Hollywood Express works by checking that each actor arrives in perfect condition, and, if he doesn’t, calling up the home office and requesting that the actor’s identical twin be sent instead.

  • If the actors arrive in the wrong order Hollywood Express rearranges them.
  • If a large UFO on its way to Area 51 crashes on the highway in Nevada, rendering it impassable, all the actors that went that way are rerouted via Arizona and Hollywood Express doesn’t even tell the movie directors in California what happened.

To them, it just looks like the actors are arriving a little bit more slowly than usual, and they never even hear about the UFO crash.

That is, approximately, the magic of TCP. It is what computer scientists like to call an abstraction: a simplification of something much more complicated that is going on under the covers.

2.1 Reliability

To create the illusion of a reliable channel, TCP partitions a byte stream into discrete packets called segments. The segments are sequentially numbered, which allows the receiver to detect holes and duplicates. Every segment needs to be acknowledged by the receiver. When that doesn’t happen, a timer fires on the sending side and the segment is retransmitted. To ensure that the data hasn’t been corrupted in transit, the receiver uses a checksum to verify the integrity of a delivered segment.

2.2 Connection lifecycle

A connection needs to be opened before any data can be transmitted on a TCP channel. The operating system manages the connection state on both ends through a socket.

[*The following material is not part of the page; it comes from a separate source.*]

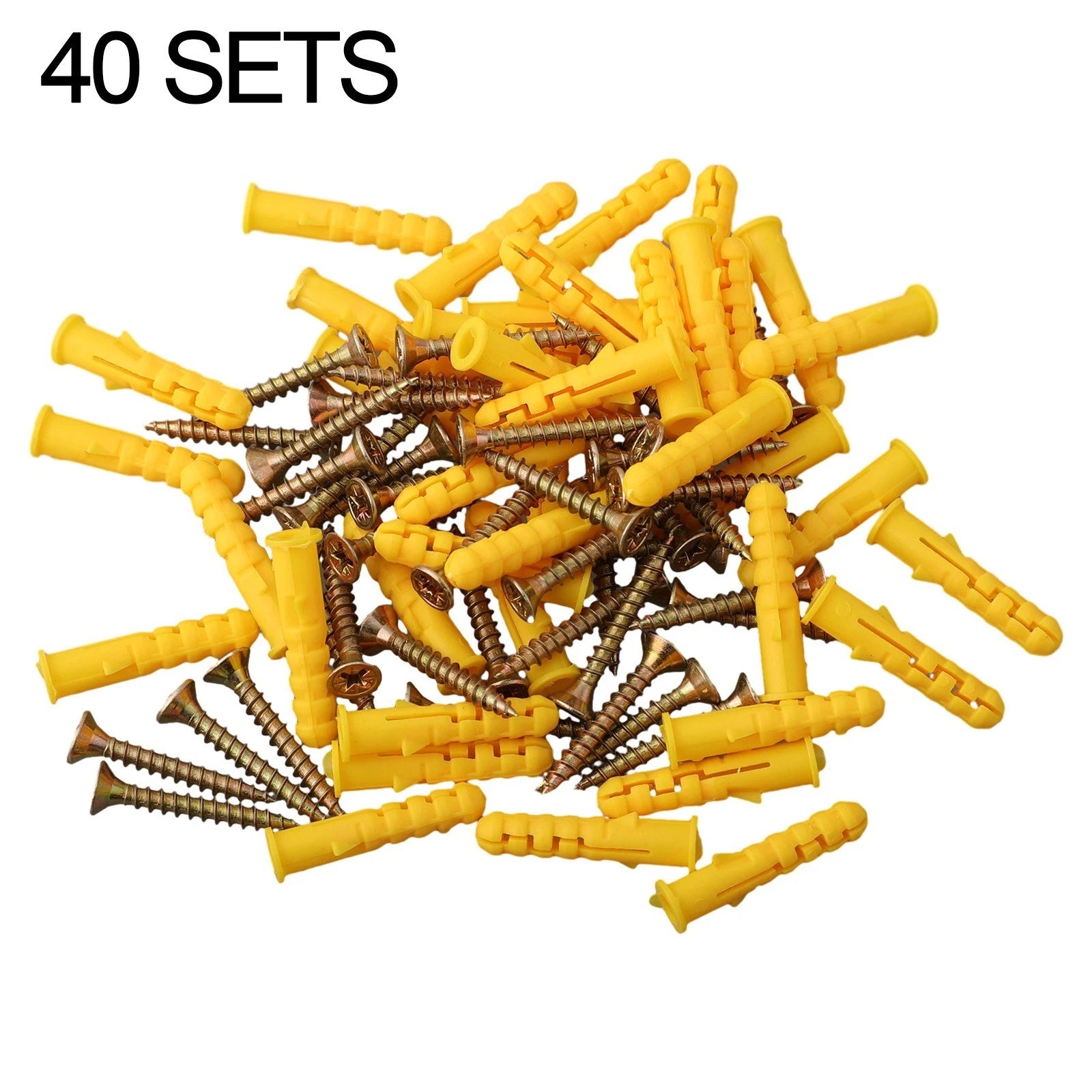 40Pcs M6×30 Stainless Steel Expansion Screws for Drywall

I was intrigued by the word socket on encountering it many times before, but could not fully explain what it is. I guessed I have to borrow this definition, and go with it for now:

A network socket is a software structure within a network node of a computer network that serves as an endpoint for sending and receiving data across the network.

https://en.wikipedia.org/wiki/Network_socket

Windows has Winsock, while Unix/Linux has Unix Domain Socket, which is a file.

The socket keeps track of the state changes of the connection during its lifetime. At a high level, there are three states the connection could be in:

  • The opening state in which the connection is being created.
  • The established state in which the connection is open and data is being transferred.
  • The closing state in which the connection is being closed.

In reality, this is a simplification, as there are more states than the three above.

A server must be listening for connection requests from clients before a connection is established. TCP uses a three-way handshake to create a new connection, as shown in Figure 2.1:

  1. The sender picks a random sequence number x and sends a SYN segment to the receiver
  2. The receiver increments x, chooses a random sequence number y, and sends back a SYN/ACK segment
  3. The sender increments both sequence numbers and replies with an ACK segment and the first bytes of application data.

I found the author’s diagram is kind of hard to understand with the original font, so I created one my own:

S e n d e r S S A Y Y C N N K / A C K x y x y x = = + + + r r 1 1 1 n n d d ( ( ) ) a p p d a t a R e c e i v e r

The handshake introduces a full round-trip in which no application data is sent. So until the connection has been opened, the bandwidth is essentially zero.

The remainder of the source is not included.